Polymorfisme Cryptisch

Inleiding tot het onderwerp “Cryptografisch polymorfisme” **Polymorfisme** (van het Griekse polý - “veel” en morphe – “vorm”) in programmeren is een eigenschap van een functie waardoor deze in verschillende contexten kan worden gebruikt zonder het gedrag ervan te veranderen . Zo kan een functie van het ene type worden gebruikt om binnen een ander type te worden aangeroepen, terwijl de oorspronkelijke semantische betekenis behouden blijft. Een noodzakelijke voorwaarde voor het gebruik van een functie als een niet-referentiefunctie (externe functie) is inkapseling. Als de functiecode rechtstreeks wordt benaderd, wordt er gezegd dat deze in sferische code is. De functie kan ook worden gebruikt met de modifiers `__init__`, `__new__` en `__call__` - dit zijn eigenschappen van de decorateur `@staticmethod` en `@classmethod`. In dit geval kunnen we spreken van “statisch polymorf” of “klasse-polymorf”.
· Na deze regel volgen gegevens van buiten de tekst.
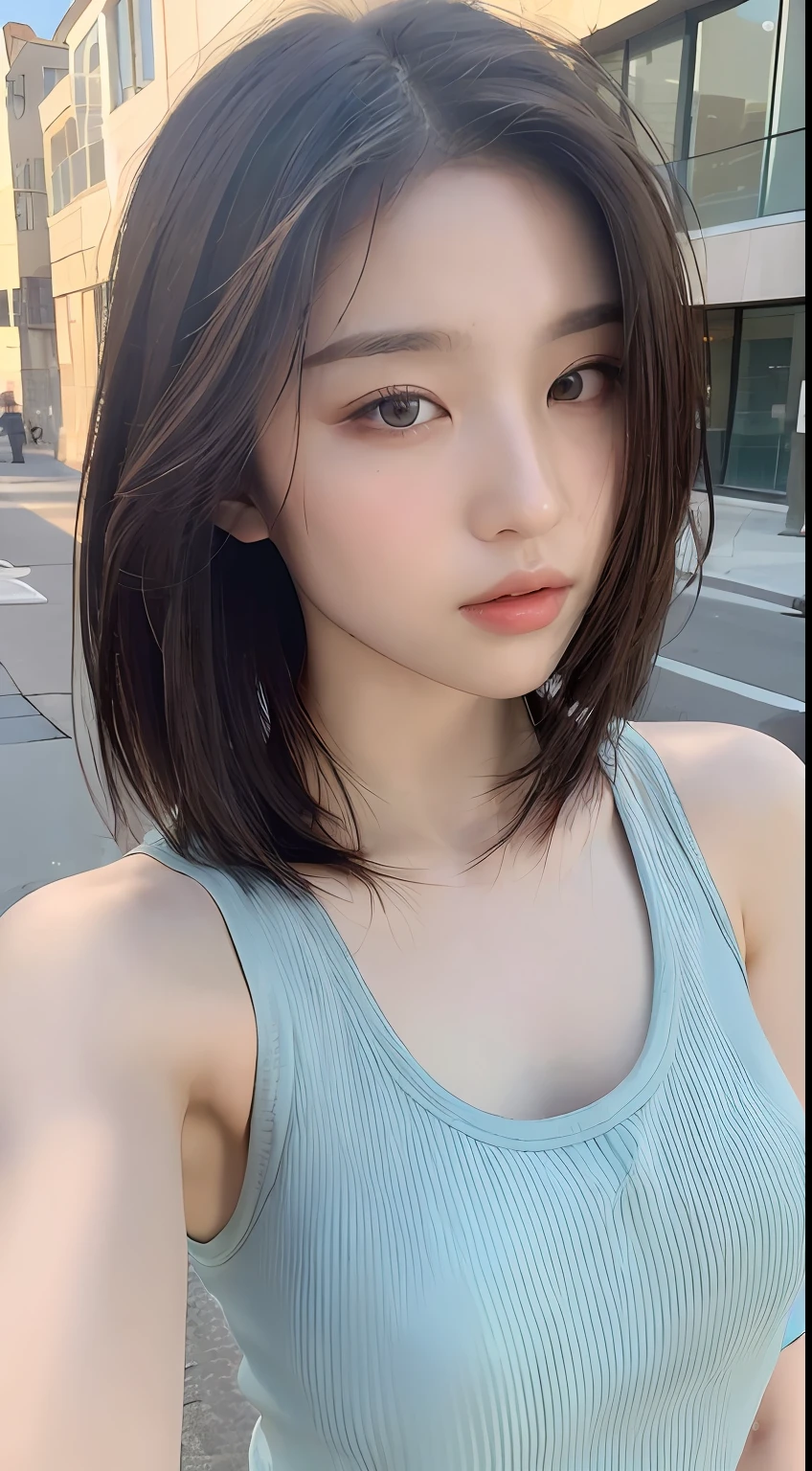 ((Best quality, 8k, Masterpiece :1.3)), Sharp focus: 1.2, Perfect Body Beauty: 1.4, Slim Abs: 1.2, ((Layered hairstyle: 1.2)), (Tank top shirt:1.1), (Street: 1.2), Highly detailed face and skin texture, Fine eyes, Double eyelids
Bijvoorbeeld de functie voor het berekenen van de vierkantswortel: ``` def sq_root(x): return x ** 0,5 ``` en de functie voor het berekenen van de parabolische functie:

```py def parabool(coefs): functiecoëfficiënten y = ax^2 + bx + c pass ``` beide functies kunnen met evenveel succes worden gebruikt in een programma, binnen een functie en/of klasse. Ze accepteren argumenten, een retourwaarde en behouden op dezelfde manier het gedrag van de broncode in hun lichaam. Als resultaat van hun implementatie kunnen ze als functies worden beschouwd, d.w.z.